> **Brief descriptive captions**
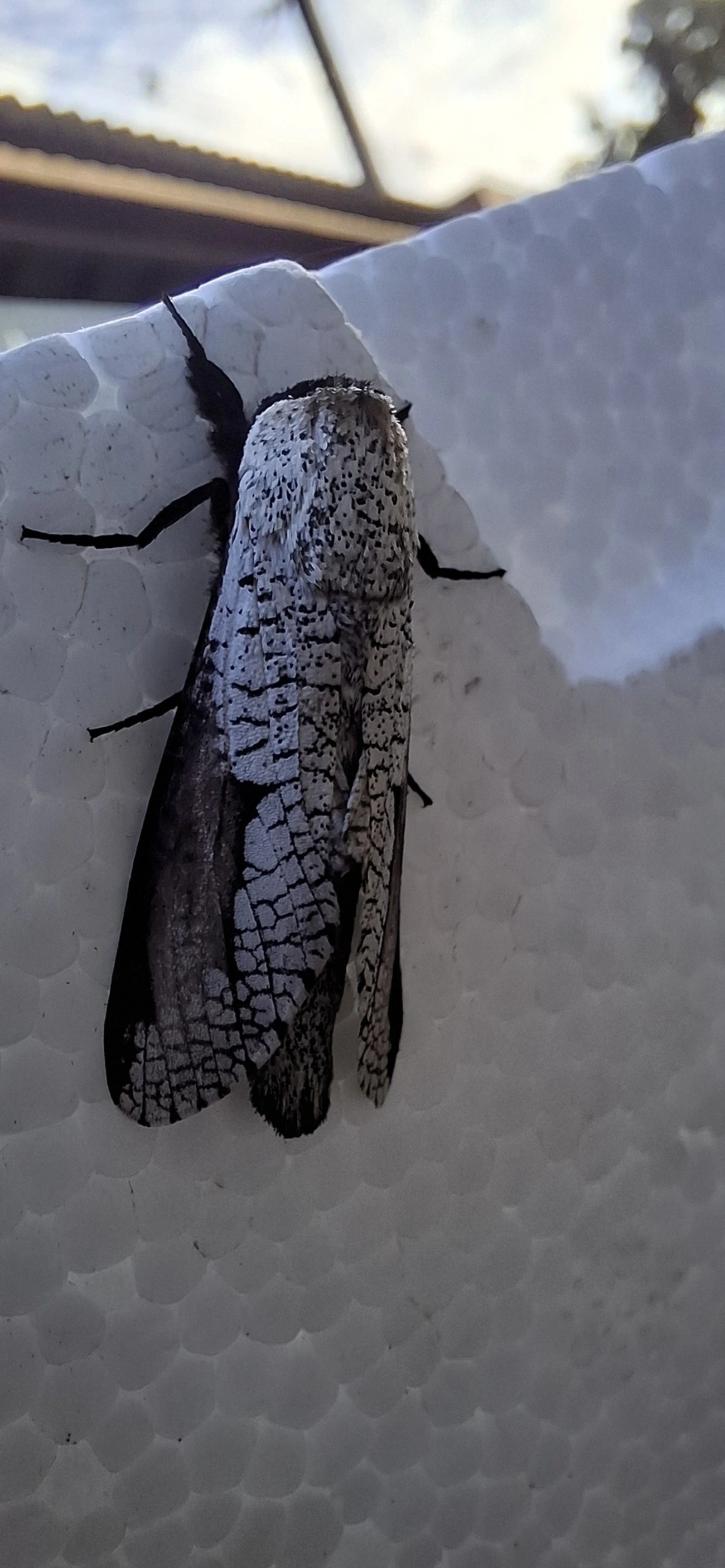 Brypoctia, insetos, fotografado em Maresias, São Sebastião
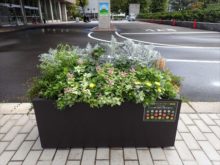 ライラック班のコンテナ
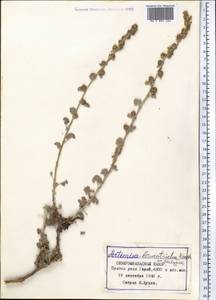 Seriphidium leucotrichum (Krasch. ex Ladyg.) Bremer & Humphries ex Y.R. Ling, Средняя Азия и Казахстан, Памир и Памиро-Алай (M2) (Таджикистан)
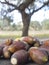 Heap of fallen acorns from holm oak trees at sunset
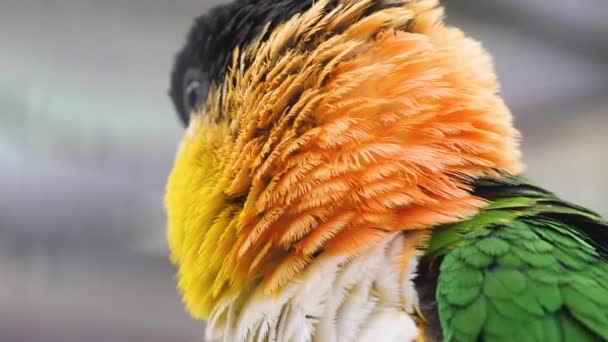 Zblízka Caique Papoušek Otáčí Hlavu — Stock video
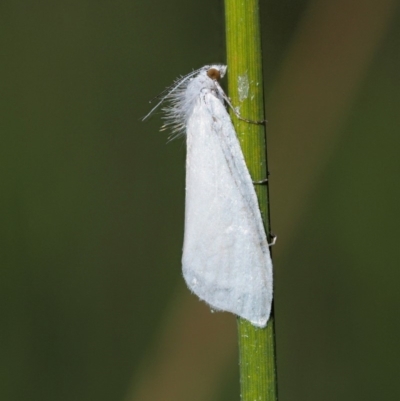 Tipanaea patulella (A Crambid moth) at Paddys River, ACT - 28 Jan 2018 by KenT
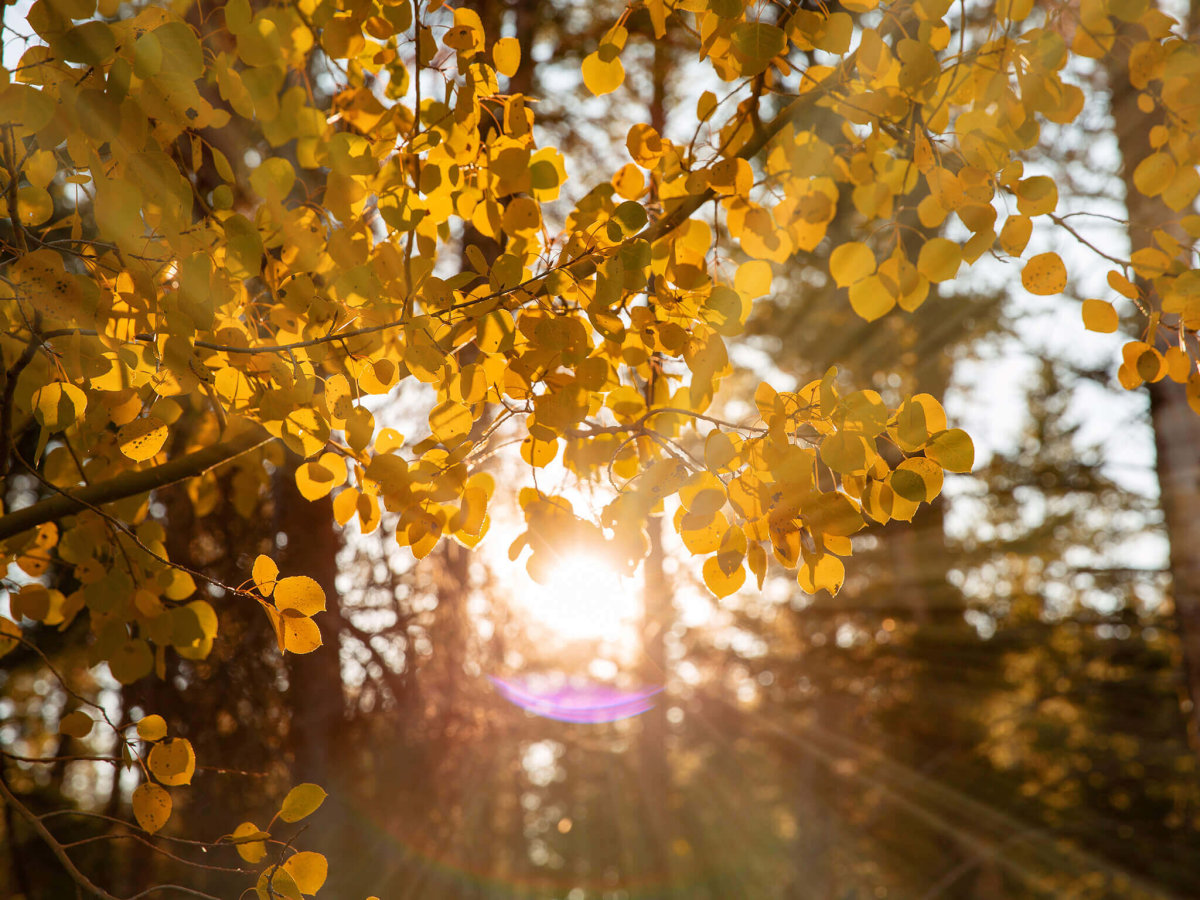 Best Fall Foliage in Wyoming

> **Your task**
Set down all the lines above exactly as they appear, with no pictures.

> **Solution for this exercise**
 Brypoctia, insetos, fotografado em Maresias, São Sebastião
 ライラック班のコンテナ
 Seriphidium leucotrichum (Krasch. ex Ladyg.) Bremer & Humphries ex Y.R. Ling, Средняя Азия и Казахстан, Памир и Памиро-Алай (M2) (Таджикистан)
 Heap of fallen acorns from holm oak trees at sunset
 Zblízka Caique Papoušek Otáčí Hlavu — Stock video
 Tipanaea patulella (A Crambid moth) at Paddys River, ACT - 28 Jan 2018 by KenT
 Best Fall Foliage in Wyoming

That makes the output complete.